Tuesday, May 8, 2012

You cannot spell “inspire” without “ire”.




It will not be readily believed by anyone acquainted with the name Rufus Griswold (and the slurs and slanders that frequently preface or append it) that I have been honored with the Very Inspiring Blogger award, the title of which justifies an expectation on the part of its recipient that he, in the first place, inspires, and in the second actively maintains a blog.  I will let those who have found their way to these pages judge for themselves what inspiration may be found within, and will have to hope that having two very occasional blogs is as good as having one blog humming with activity.  This distinction has been bestowed upon me by the generous and tolerant Undine, author of the indispensable World of Poe blog and, as devotees of Edgar Allan Poe are concerned, one of the good ones.  Her deftly told and illuminating writings chronicling the life and shattering the myths of the wretch Poe’s troubled existence never fail to fill me with a strange, sometimes bitter nostalgia that I cherish.
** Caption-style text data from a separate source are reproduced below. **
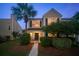 Charming two-story home with a well-manicured lawn and a beautiful palm tree at dusk at 4823 Shady Tree Ln, Summerville, SC 29485
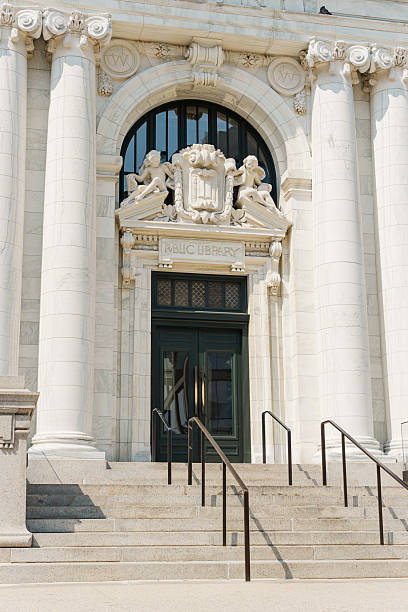 istock Public library entrance with marble columns and carved details. 2208043039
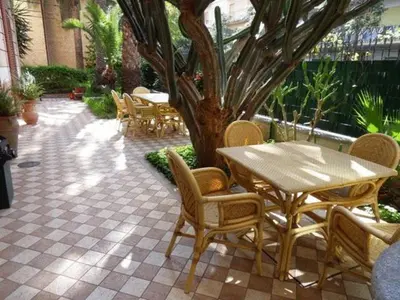 a patio with a table and chairs and a tree at Hotel Villa Archirafi in Palermo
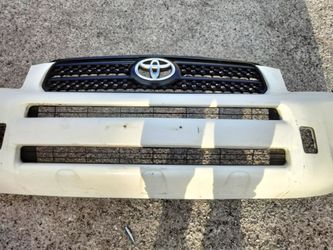 2006-2014 Toyota RAV4 complete front bumper with all the accessories OEM.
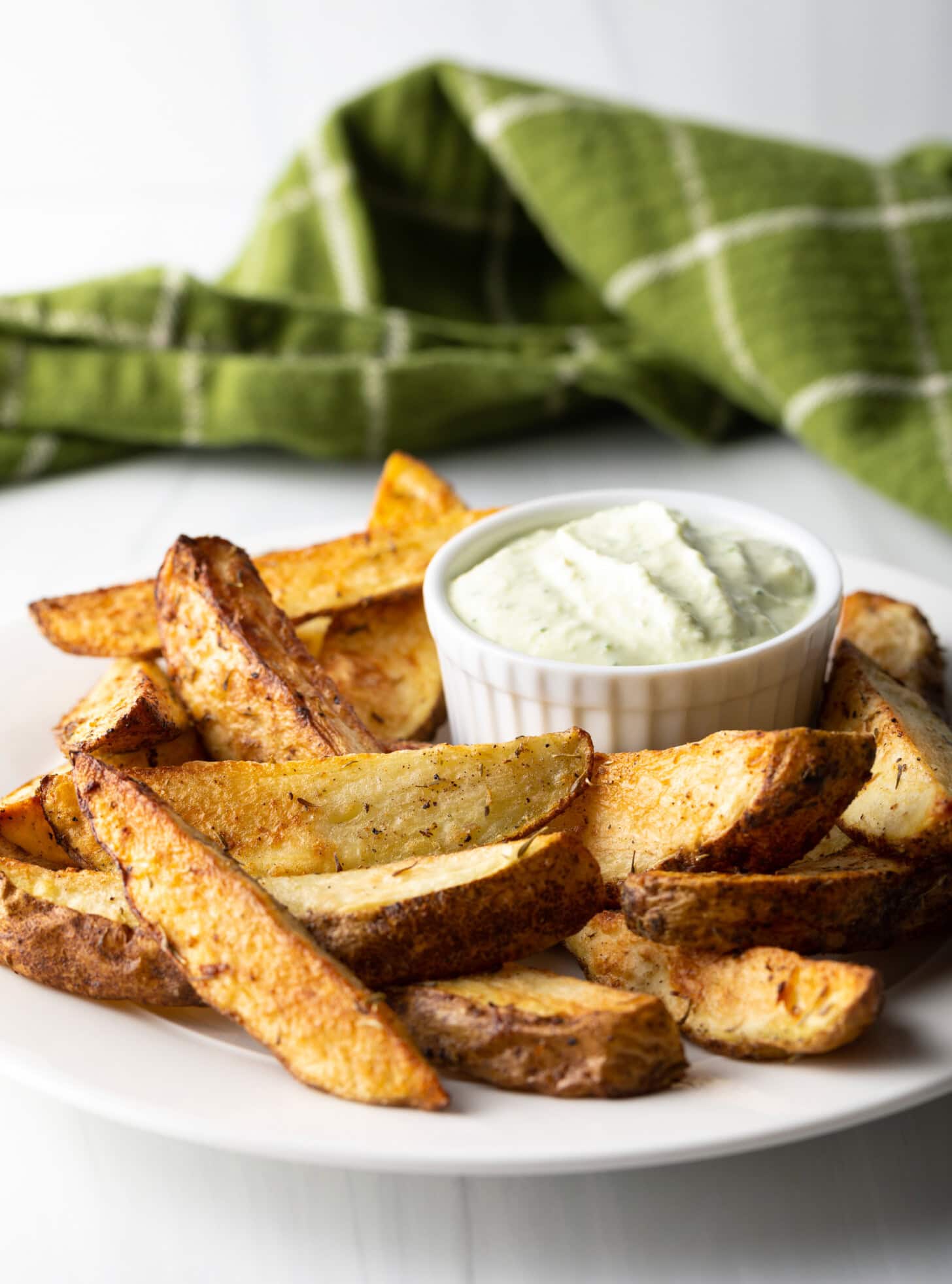 A white plate piled with crispy potato wedges made in the air fryer, with a white ramekin of white dipping sauce also on the plate.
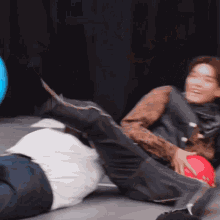 two men are playing with a ball on the floor and one of them is kicking the other .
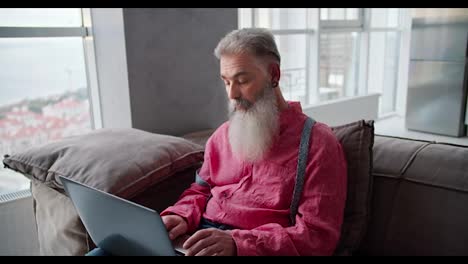 Porträt-Eines-älteren-Mannes-Mit-Grauem-Haar-Und-üppigem-Bart-In-Einem-Rosa-Hemd,-Der-Auf-Einem-Braunen-Sofa-In-Einer-Modernen-Wohnung-Sitzt-Und-Auf-Einem-Grauen-Laptop-Tippt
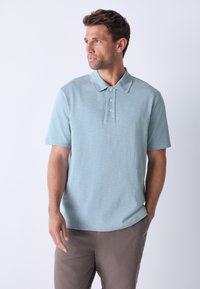 Polo à manches courtes en mélange de coton bleu clair avec un motif texturé, une patte à trois boutons et un col classique. Associé à un pantalon beige.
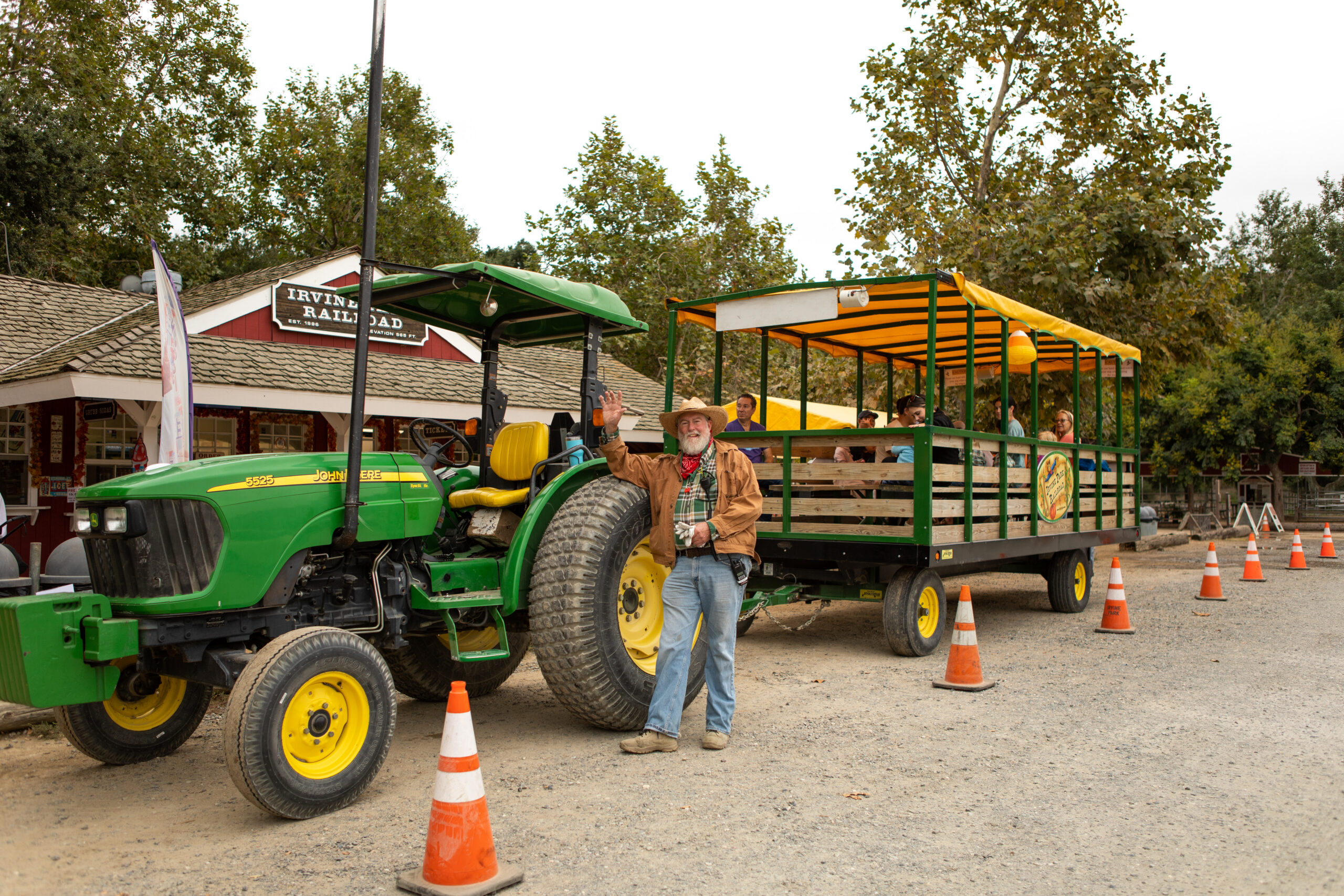 Hay Wagon Driver Waving in front of a John Deere Tractor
 Accepting the award obliges me to divulge seven indiscriminate facts about myself, as well as to recognize the efforts of seven other bloggers.  I’ll not pretend that I am reluctant to share morsels of Griswoldia with you people; neither will I conceal the truth that I do not actually regularly frequent a great many blogs (I would certainly confer the award unto Undine had she not before now been so acknowledged, but as she nominated me I would be reluctant to do so lest the whiff of puffery pervade the blogosphere).  I am certain, however, that I can come up with some other bloggers of note if I search the misty recesses of my memory adequately.  There is one thing, however, that will likely render somewhat abortive any nominations I choose to make; the fact that fewer people read my blogs than were in attendance at Poe’s funeral.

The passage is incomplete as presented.